New family films, including 'Bedtime Stories'

A guide to movies from a family perspective:

BEDTIME STORIES
Rated: PG.
Suitable for: School-age children and up.
What you should know: Adam Sandler is a hotel handyman who tells his young niece and nephew fanciful bedtime stories that start to come true and are the comedy's highlight.
Language: Mild.
Sexual situations and nudity: Clean, just some kisses exchanged.
Violence/scary situations: Children unwittingly go into a building about to be leveled but it all turns out OK. Other scary scenes are played for laughs.
Drug or alcohol use: Champagne and wine are served at adult functions.

MARLEY & ME
Rated: PG.
Suitable for: School-age children and up.
What you should know: This is a movie version of the best-selling book about a couple who adopt a rambunctious, badly behaved dog. He becomes an integral part of their family, which grows to include three children.
Language: In keeping with the PG rating, about a half-dozen mild expletives.
Sexual situations and nudity: A married couple kiss, shed some clothes and canoodle in a pool, and squeaky bedsprings are a source of humor.
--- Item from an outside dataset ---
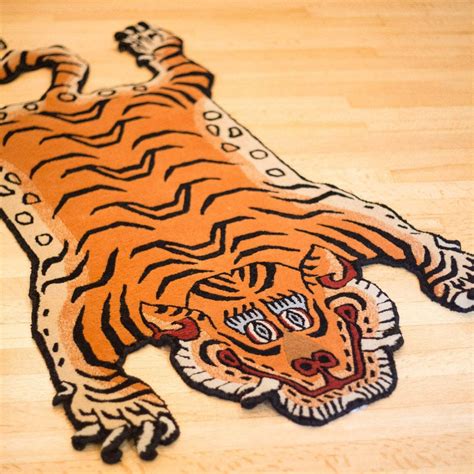 These Rugs Are Going Viral And We Feel Grrreat About It Tiger Rug
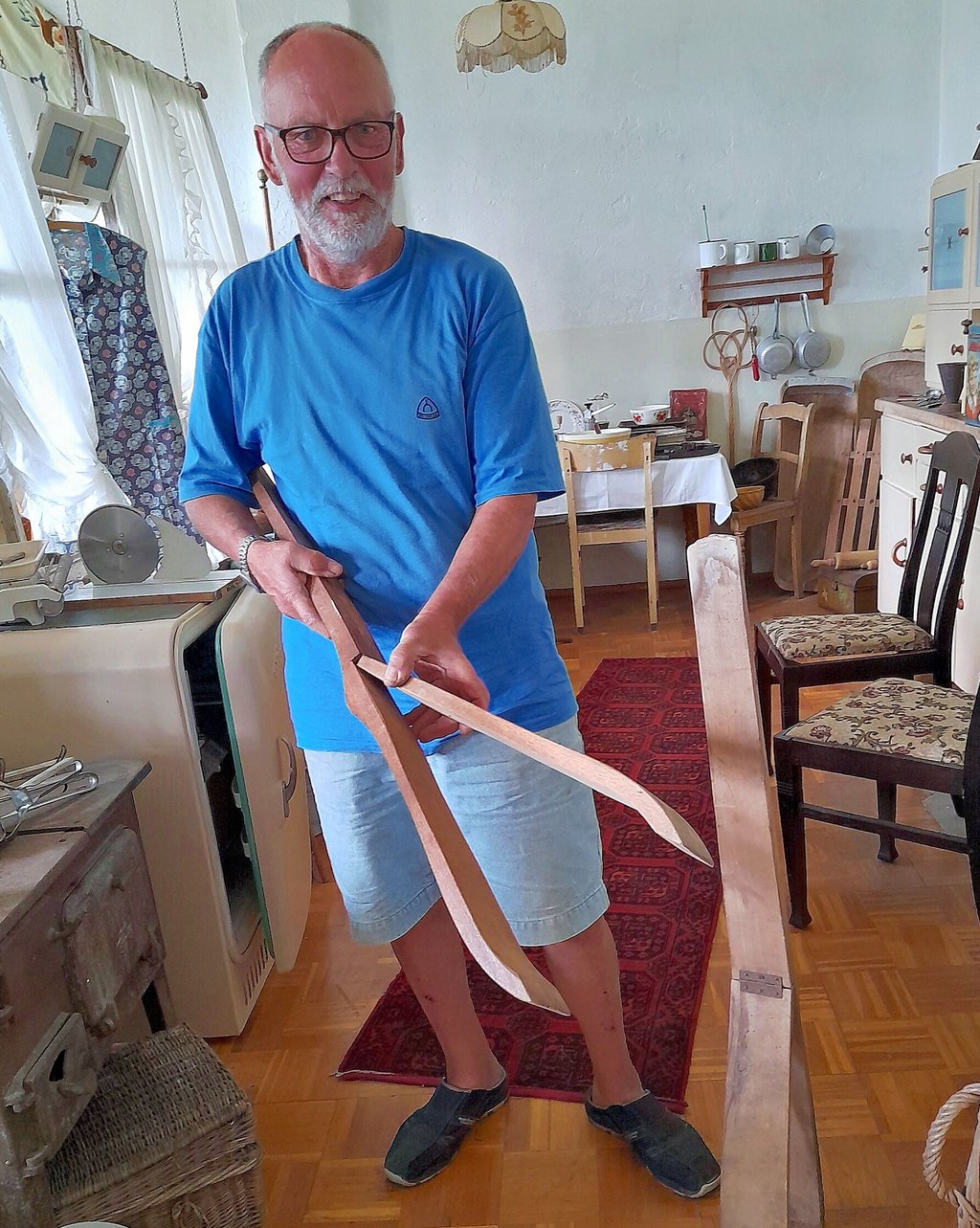 Mit dieser eigenartigen Klappe haben die Frauen früher die heiße Wäsche aus dem Wäschekessel genommen, erklärt Dietmar Schrenke.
There is talk about "fixing" Marley.
Violence/scary situations: A pregnancy does not come to term, and scenes in which Marley grows old and infirm are tearful.
Drug or alcohol use: A joke is made about "bong hits" and adults drink beer, champagne, wine and other alcohol.

THE SPIRIT
Rated: PG-13.
Suitable for: Middle school and older.
What you should know: A back-from-the-dead cop returns as The Spirit (Gabriel Macht) to protect Central City from the villainous Octopus (Samuel L. Jackson) in Frank Miller's darkly noir, highly stylized version of the 1940s comic by Will Eisner.
Language: Crude and rude at times, but nothing hard-core.
Sexual situations and nudity: The Spirit is irresistible to women, but there's nothing more than flirtations, innuendo and a kiss. Several women are scantily clad, and a nude Eva Mendes is seen briefly from behind.
Violence/scary situations: The violence is pervasive but comic-bookish, although there's a high body count and the immortal Spirit takes a clobbering but keeps on crime fighting. The Octopus' henchman clones are the subjects of ghoulish experiments who are treated like slaves and meet grizzly ends. In an apparent torture scene, characters are dressed as Nazis.
Drug or alcohol use: Nothing along traditional lines.
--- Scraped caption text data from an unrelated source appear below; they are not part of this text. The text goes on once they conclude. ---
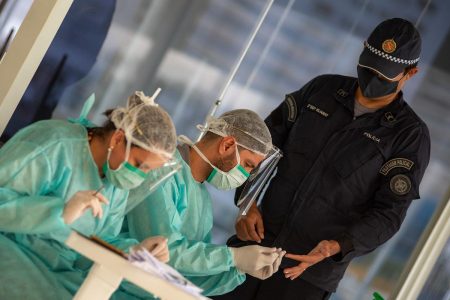 PM policia faz teste de coronavirus covid 19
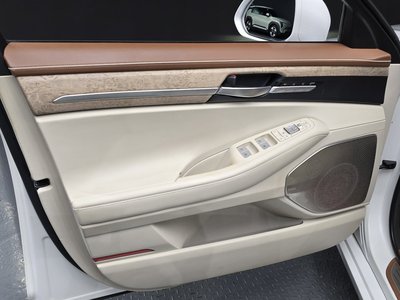 صورة مصغرة 14 لـ 2021 Genesis G90
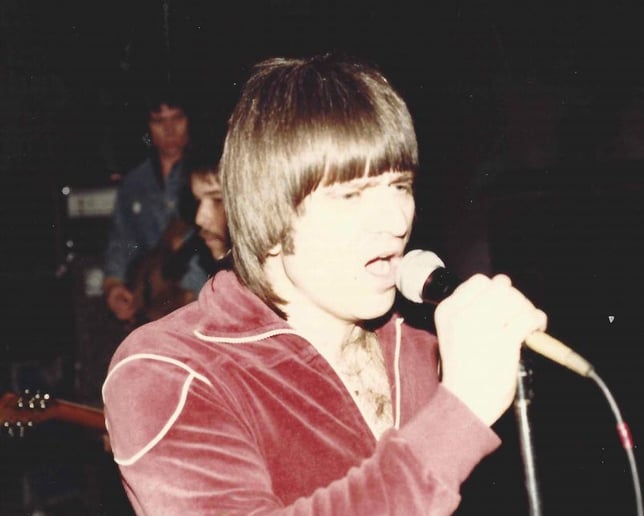 Gallery photo 10 of Gene Thorpe Solo Entertainer / Band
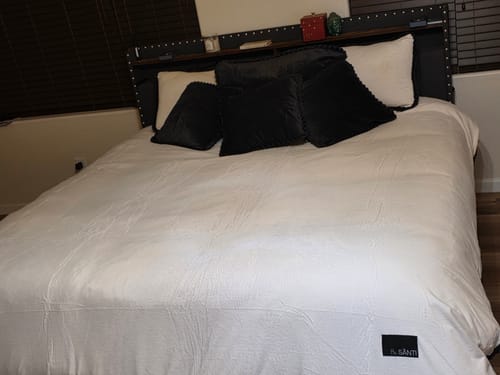 Customer photo review of Kos Antibacterial Soybean Cotton Silk Pillows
THE CURIOUS CASE OF BENJAMIN BUTTON
Rated: PG-13.
Suitable for: Tweens and above.
What you should know: Brad Pitt plays the title character, a man who ages backward.
Language: One use of the f-word, some profanity and vulgarities.
Sexual situations and nudity: There is talk about male potency, men visit a brothel, an elderly man's naked behind is shown and a couple undress and kiss before the camera cuts away. They swim naked and make use of a new mattress, in a discreet way.
Violence/scary situations: Benjamin's mother is shown amid bloody sheets, and a doctor predicts she will die. Her husband abandons their baby on the steps of a retirement home. Brief war violence shows ships in distress, men who are shot and die, and corpses floating in the water. An elderly woman is waiting to die in the hospital, other deaths are reported or anticipated but not shown.
Drug or alcohol use: Adults drink, sometimes to excess.

DOUBT
Rated: PG-13.
Suitable for: Teens and up.
What you should know: Meryl Streep and Philip Seymour Hoffman star in a movie version of the acclaimed play about a nun who suspects a priest of improper behavior with an altar boy in the early 1960s.
Language: Nothing notable.
Sexual situations and nudity: Nothing is ever seen but the subject of molestation is at the center of the story.
Violence/scary situations: A woman makes reference to her husband beating their child.
Drug or alcohol use: Priests are seen drinking with dinner and a boy sneaks altar wine.

VALKYRIE
Rated: PG-13.
Suitable for: Teens and above.
What you should know: Tom Cruise plays a real-life German officer named Col. Claus von Stauffenberg, who was part of a plot to kill Adolf Hitler.
Language: One use of the f-word and a handful of milder words.
Sexual situations and nudity: None.
Violence/scary situations: Von Stauffenberg loses an eye, a hand and several fingers in a wartime blast. Other explosions carry a deadly price, and men are shown being executed.
Drug or alcohol use: Adults are shown with alcoholic drinks.